Boom, done for me. The laws on the use of cloud services for storing of patient data see to depend on where you live, what courts have ruled in which ways and how well you can explain to an investigator that you are working to encrypt everything. And the Internet sucks out here. It sucks so terribly bad that it goes down at least once a month. Each outage puts you dead in the water, unless you have local access to the data which negates the cloud in the first place. One of the joys of working health care.

    But anyone you're having that discussion with has never met a good systems administrator, thinks of systems administrators as expensive janitors, and assumes the interesting problems a sysadmin should be solving belong to the application programmers instead.

Funny story time, so gather around all. The local hospital, about the time I started the current gig a decade or so ago was take over by stock guys. These guys did not know anything about running a hospital but they knew how to use stocks and bonds to trade companies and write reports that Banks and Brokers loved. After the buyout was done, they canned the entire IT staff and outsourced EVERYTHING. Once the outsourcing was done, it cost $100 to replace a keyboard or mouse, $150 to do a monitor swap, all the first line tech support went from people in the building to people overseas, the network team was replaced with a contractor that was also working for other hospitals and did not care to prioritize any of them, and the hospital completely botched the relationship with the local IT/tech community. The outsourcing saved, if the rumors are to be believed, $600,000 in each of the first two years. Then stuff started the break and fail. And the contracting company got it fixed on THEIR schedule. People started to complain about how bad the IT was. Meanwhile, we were still insourced, but a few docs thought they should look into outsourcing us. We sent them to go talk to the hospital, which killed that talk thankfully.

ACA is passed and hospitals now have to go EMR. The local tech community is still pissed over the way the outsourcing happened so they had to go with people from out of town who did not understand the city culture, did not fit in with the teams who would up doing the actual work, and from what I hear, they had to pay way extra to train people who no longer had a local internal IT group to learn from. The EMR rollout did not go well. The hospital is now a part of a larger group and some of the physician groups are demanding local IT people, but they cannot do it due to contracts with the overseas people and the local contractors who are now riding out till the end of the contracts they signed.
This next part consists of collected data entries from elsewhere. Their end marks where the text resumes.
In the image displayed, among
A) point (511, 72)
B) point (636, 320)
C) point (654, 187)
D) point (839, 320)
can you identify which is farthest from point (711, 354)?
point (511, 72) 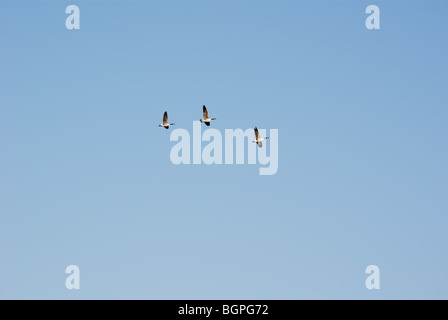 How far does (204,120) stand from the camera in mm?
125188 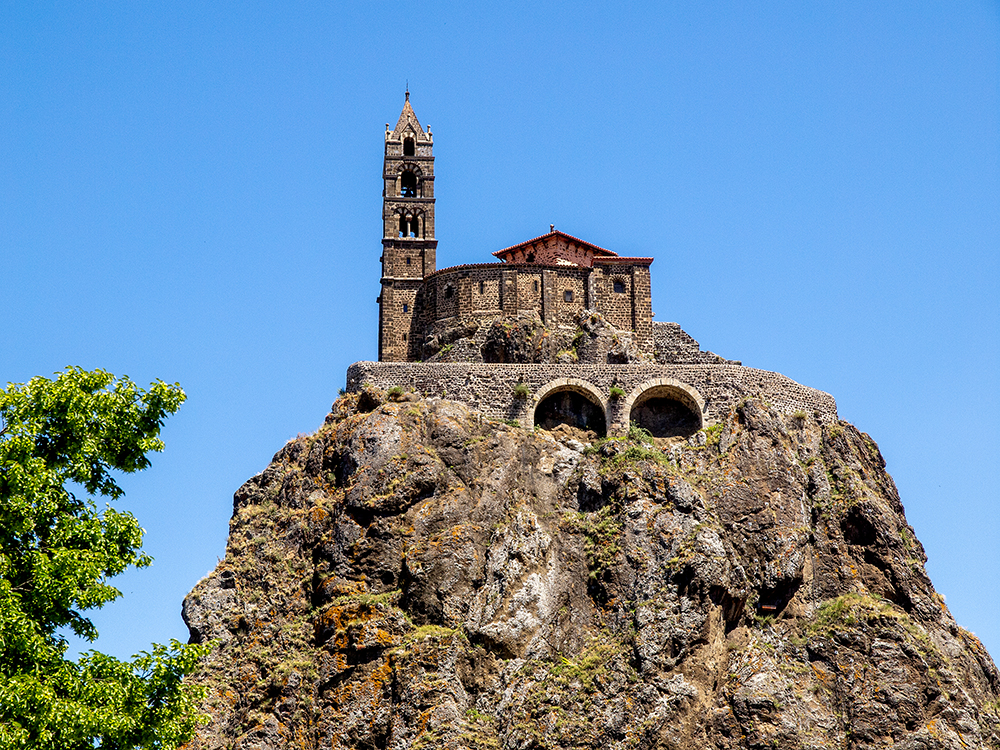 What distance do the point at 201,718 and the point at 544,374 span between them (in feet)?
159

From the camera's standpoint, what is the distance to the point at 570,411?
76.3 meters

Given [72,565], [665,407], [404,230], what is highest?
[404,230]

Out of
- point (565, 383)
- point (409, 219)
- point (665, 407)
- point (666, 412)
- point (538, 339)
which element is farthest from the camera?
point (409, 219)

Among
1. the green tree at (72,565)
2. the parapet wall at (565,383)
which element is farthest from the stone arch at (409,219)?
the green tree at (72,565)

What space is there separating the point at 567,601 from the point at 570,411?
1394cm

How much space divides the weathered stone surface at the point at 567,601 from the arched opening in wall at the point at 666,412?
1.97 m

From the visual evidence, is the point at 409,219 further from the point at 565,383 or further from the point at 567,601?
the point at 567,601

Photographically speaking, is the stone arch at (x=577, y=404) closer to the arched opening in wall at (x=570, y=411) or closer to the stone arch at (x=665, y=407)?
the arched opening in wall at (x=570, y=411)

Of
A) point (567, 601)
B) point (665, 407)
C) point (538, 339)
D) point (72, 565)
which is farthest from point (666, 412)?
point (72, 565)

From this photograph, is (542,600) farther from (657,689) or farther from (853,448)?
(853,448)

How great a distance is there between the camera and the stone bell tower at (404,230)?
8525cm

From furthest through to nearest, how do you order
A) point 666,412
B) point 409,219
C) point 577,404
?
point 409,219, point 666,412, point 577,404

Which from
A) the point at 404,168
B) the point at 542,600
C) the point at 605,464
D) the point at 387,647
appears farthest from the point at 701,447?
the point at 404,168

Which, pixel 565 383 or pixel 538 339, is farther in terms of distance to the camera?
pixel 538 339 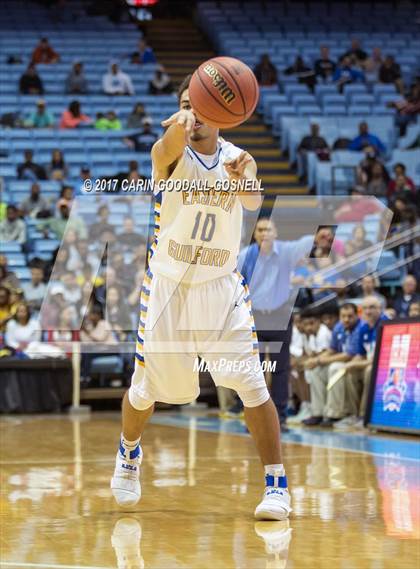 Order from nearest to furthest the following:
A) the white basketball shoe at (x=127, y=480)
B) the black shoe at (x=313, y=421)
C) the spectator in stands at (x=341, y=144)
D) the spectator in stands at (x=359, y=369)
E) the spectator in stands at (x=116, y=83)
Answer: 1. the white basketball shoe at (x=127, y=480)
2. the spectator in stands at (x=359, y=369)
3. the black shoe at (x=313, y=421)
4. the spectator in stands at (x=341, y=144)
5. the spectator in stands at (x=116, y=83)

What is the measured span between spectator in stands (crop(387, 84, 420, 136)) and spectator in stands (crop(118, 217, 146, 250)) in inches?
298

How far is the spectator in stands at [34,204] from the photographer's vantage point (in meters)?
16.2

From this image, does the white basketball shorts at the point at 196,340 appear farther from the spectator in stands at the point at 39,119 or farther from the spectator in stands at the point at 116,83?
the spectator in stands at the point at 116,83

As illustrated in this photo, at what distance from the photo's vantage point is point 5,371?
42.3 ft

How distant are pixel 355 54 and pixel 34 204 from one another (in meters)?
9.08

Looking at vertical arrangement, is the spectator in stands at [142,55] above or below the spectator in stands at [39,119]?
above

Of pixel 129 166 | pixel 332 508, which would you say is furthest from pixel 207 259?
pixel 129 166

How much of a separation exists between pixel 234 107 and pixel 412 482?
2.72m

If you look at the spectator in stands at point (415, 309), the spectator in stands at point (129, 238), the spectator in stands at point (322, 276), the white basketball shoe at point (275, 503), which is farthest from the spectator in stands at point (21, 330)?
the white basketball shoe at point (275, 503)

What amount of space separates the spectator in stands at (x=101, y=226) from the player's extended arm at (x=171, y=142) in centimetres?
956

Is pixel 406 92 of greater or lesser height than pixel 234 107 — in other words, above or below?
below

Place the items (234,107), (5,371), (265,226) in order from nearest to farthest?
1. (234,107)
2. (265,226)
3. (5,371)

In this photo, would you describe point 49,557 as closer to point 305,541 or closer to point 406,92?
point 305,541

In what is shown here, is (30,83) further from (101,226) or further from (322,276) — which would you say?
(322,276) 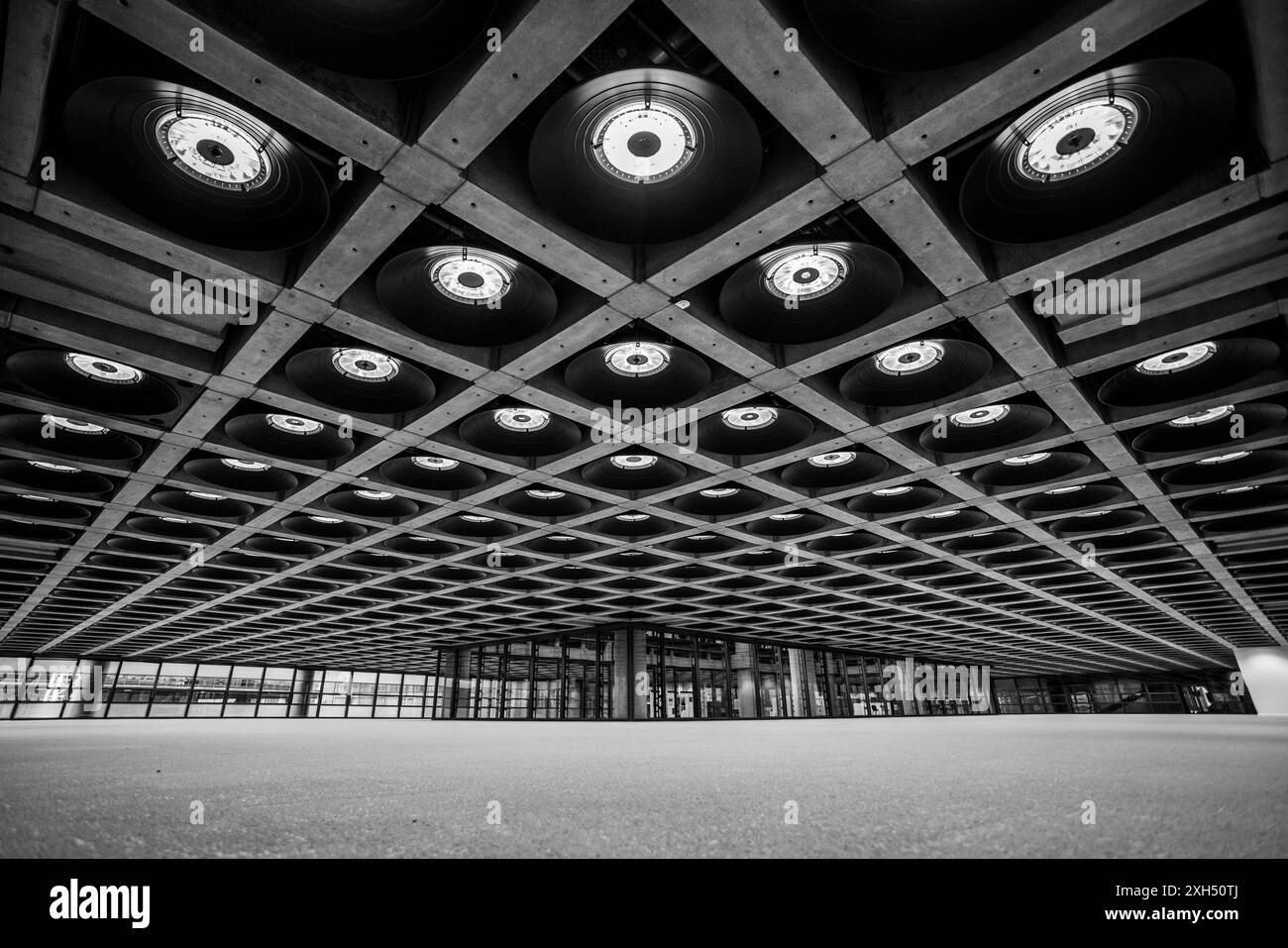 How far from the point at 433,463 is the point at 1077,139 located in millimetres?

There are certain tasks that IMO should be outsourced. Building an initial web site, hosting the web site, training on computer skills, running cabling, the stuff that gets done once in a while. But hire a team that can do the tiny tasks in house and not have to spend money and time waiting on the out side sources.

A good IT team is never around until its time for meetings justifying their pay and budgets. A great IT team helps build skills and makes the end user community more tech savvy and efficient at their jobs. And losing that institutional ability and skill set if not done right is like throwing sandpaper in the gears of a business.